19. Авторство персонажей может принимать и не столь высоколобые формы. В рассказе Горького «Двадцать шесть и одна»:
26 угнетенных работяг-пекарей поклоняются юной Тане, не смея претендовать на ее любовь. В их компании появляется самоуверенный красавец-солдат, и они идут с ним на пари, утверждая, что Таню ему не покорить. Однако это ему удается, и униженные пекари, злобно обступив Таню, оскорбляют ее. Она презрительно называет их «несчастными арестантами» и гордо уходит из их жизни навсегда.
Рассказ, казалось бы, жестко реалистичный, но по его ходу группа жалких работяг вместе с солдатом, по сути дела, сочиняют и ставят пьесу с Таней в невольной роли скаковой лошади, на которую они как игроки делают ставки, — о чем она с возмущением узнает задним числом.
20. До предела насыщена театральностью, как мы помним, проза Фазиля Искандера[365]. Его персонажи все время разыгрывают друг перед другом сценические этюды. Часто — молча, принимая красноречивые позы и строя мины. А когда говорят, то говорят не столько то, что думают, сколько то, что заставило бы собеседников прийти к желанному для говорящего выводу. И собеседники напряженно вчитываются в эти пантомимы и монологи. Текст насыщается лексикой актерства («желая показать», «делая вид», «как бы») и зрительских интерпретаций («следил», «замечал», «догадка», «понял»). Искандер погружает нас в мир интенсивного семиотического взаимодействия.
В этом отношении он является продолжателем Толстого, ср.:
Князь Андрей наклонил голову в знак того, что понял с первых слов не только то, что было сказано, но и то, что желал бы сказать ему Кутузов (Толстой 1951–1953. Т. 4. С. 153).
[К]амердинер, придерживая пальцем склянку, брызгал одеколоном на выхоленное тело императора [Наполеона] с таким выражением, которое говорило, что он один мог знать, сколько и куда надо брызнуть одеколону (Там же. Т. 6. С. 218).
У Искандера этот театр притворств и дешифровок занимает центральное место. О нем я писал много, здесь ограничусь одним красноречивым примером из «Пиров Валтасара».

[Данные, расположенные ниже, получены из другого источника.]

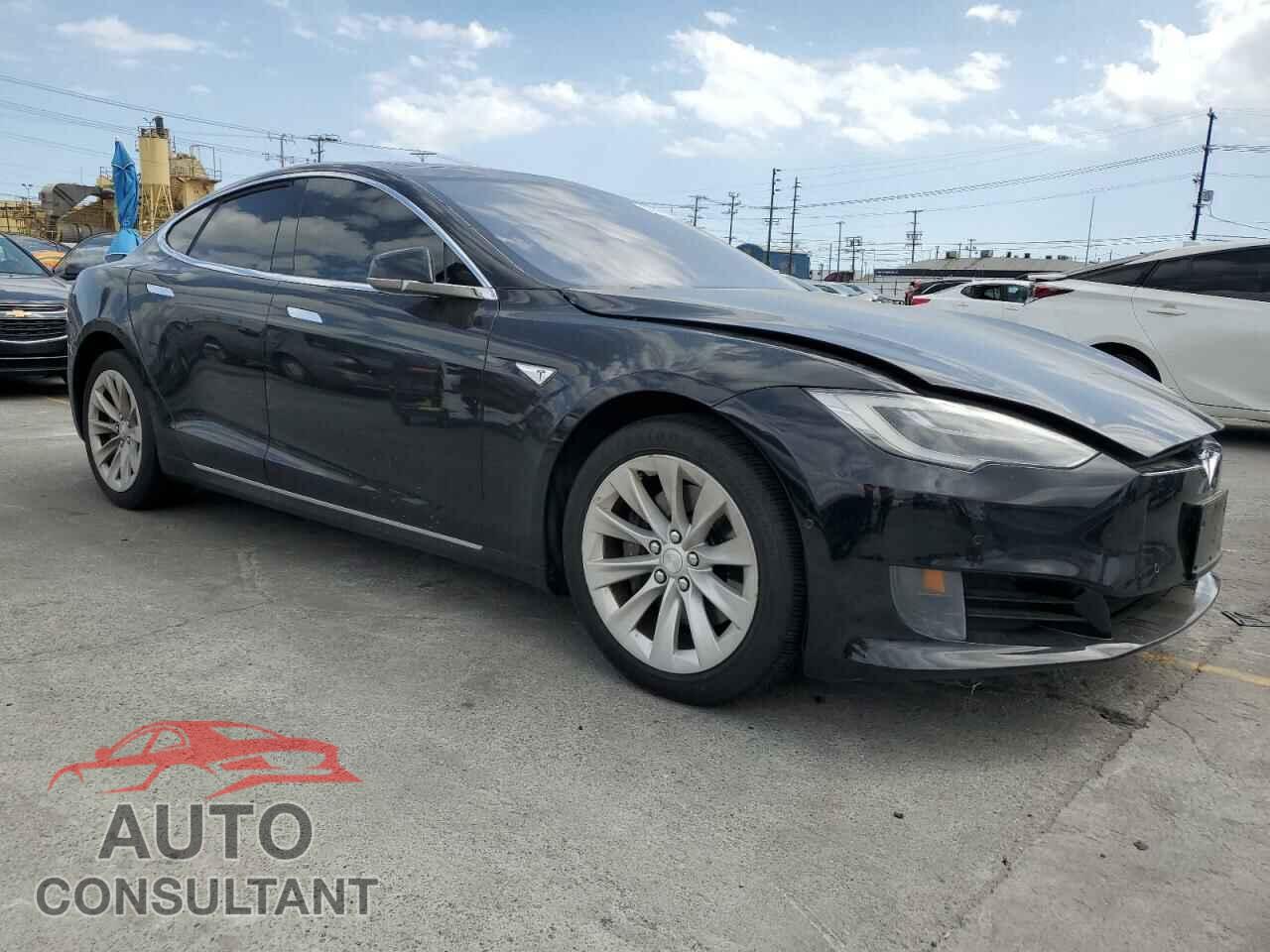 TESLA MODEL S 2016 - 5YJSA1E10GF156998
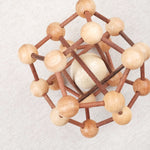 Vue du dessus du casse-tête Molécule montrant la boule au centre.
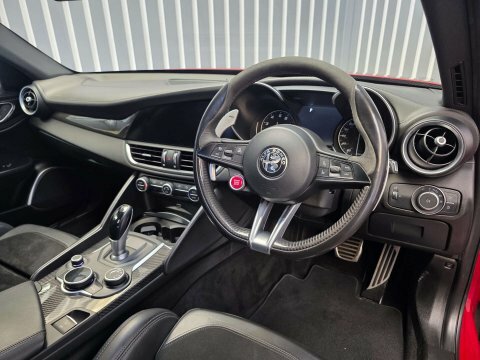 Alfa Romeo Giulia 2018 2.9 V6 Bi-turbo Quadrifoglio Saloon Petro Red #38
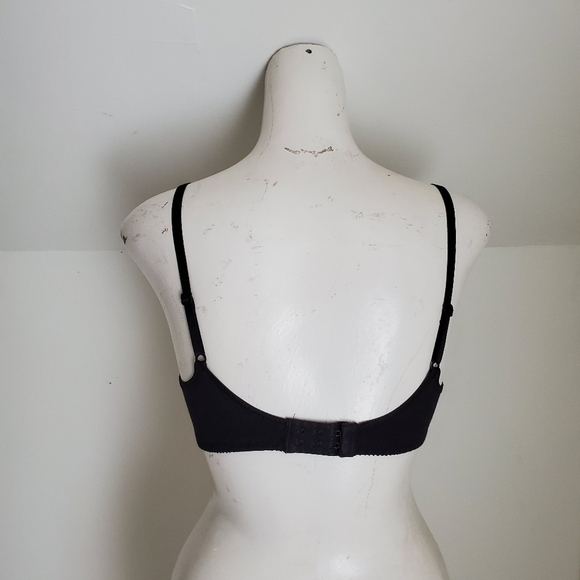 Olga Black Soft Cup Bra with Floral Lace Detail Underwire Bra size 36B - Picture 4 of 7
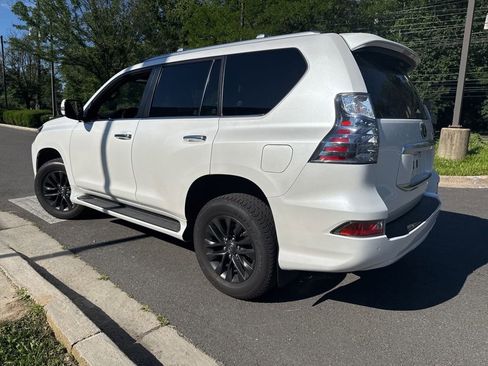 Certified 2023 Lexus GX 460 Premium w/ Premium Package AWD/4WD image 5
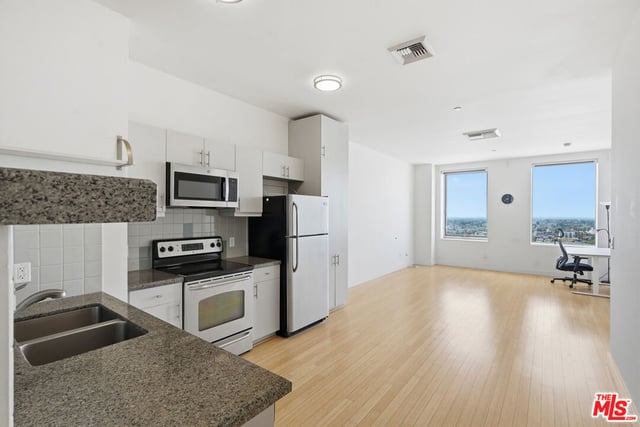 3810 Wilshire Boulevard 1609, Los Angeles, CA 90010 — photo 11 of 29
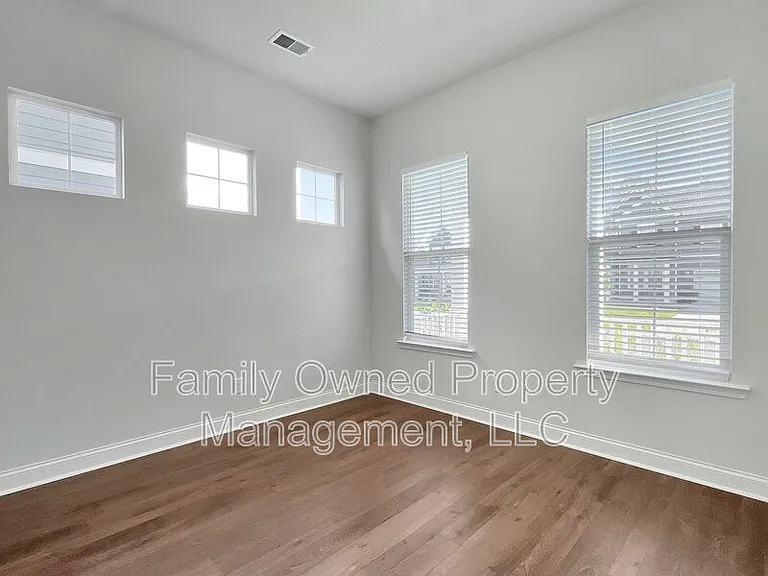 420 W Respite Ln — Photo 6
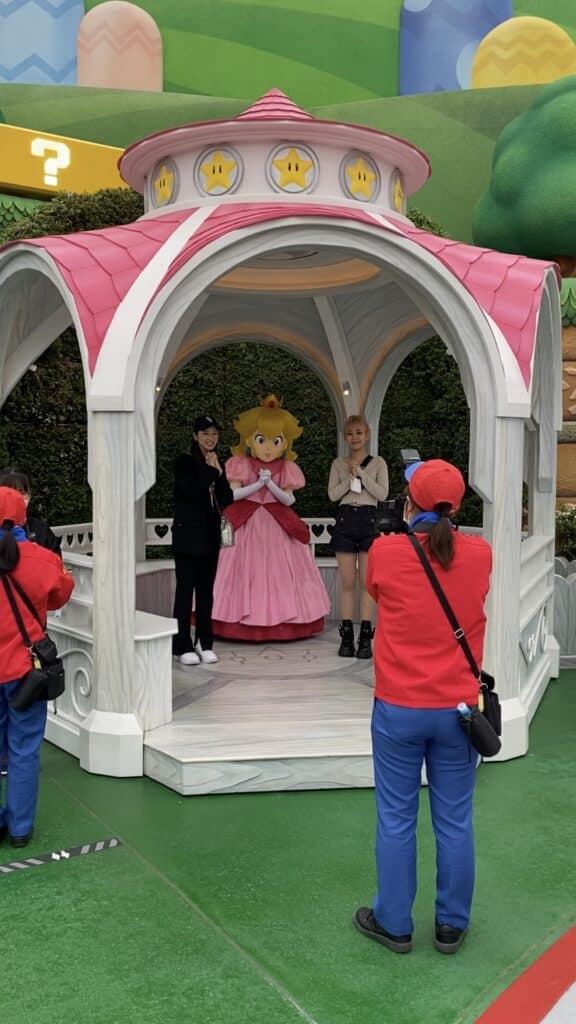 Tomándose una foto con la princessa Peach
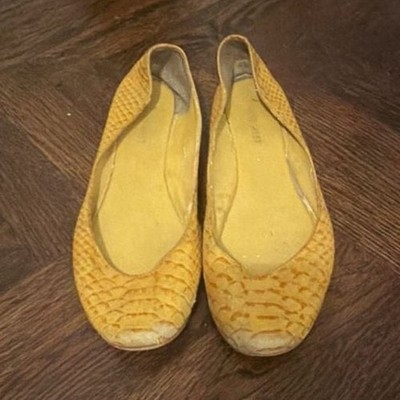Classic Y2K Nine West Yellow Faux Snake Skin Print Ballet Flats. Size 8 narrow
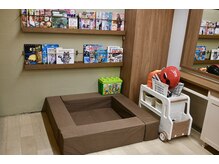 リラ(Lilas)の雰囲気（キッズスペース(TVモニター有)一緒のご来店も大歓迎です♪）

По прибытии в правительственный санаторий, где дяде Сандро предстоит танцевать перед Сталиным, он проходит суровый паспортный контроль. Сцена выдержана в тонах комической пантомимы: ни в чем не повинный Сандро старательно изображает собственную невинность.
Женщина посмотрела в паспорт, сверила его с каким-то списком, потом несколько раз придирчиво взглянула на дядю Сандро, стараясь выявить в его облике чуждые черты.
Каждый раз <…> дядя Сандро замирал, не давая чуждым чертам проявиться и стараясь сохранить на лице выражение непринужденного сходства с собой (Искандер 2003. С. 327).
Здесь парадоксально обнажена (персонаж играет самого себя) характерная для широкого круга искандеровских сюжетов коллизия: попытки героев прочитать скрытые черты (желания, мысли) своих партнеров и ответные попытки партнеров остаться непроницаемыми. Это помогает выявить еще один, до сих пор оставлявшийся нами без внимания, параметр «авторского» поведения персонажей: не просто читательско-зрительский, а, так сказать, следовательско-прокурорский. В приведенной сценке (и вокруг нее) следовательскую роль играют профессиональные работники соответствующих органов.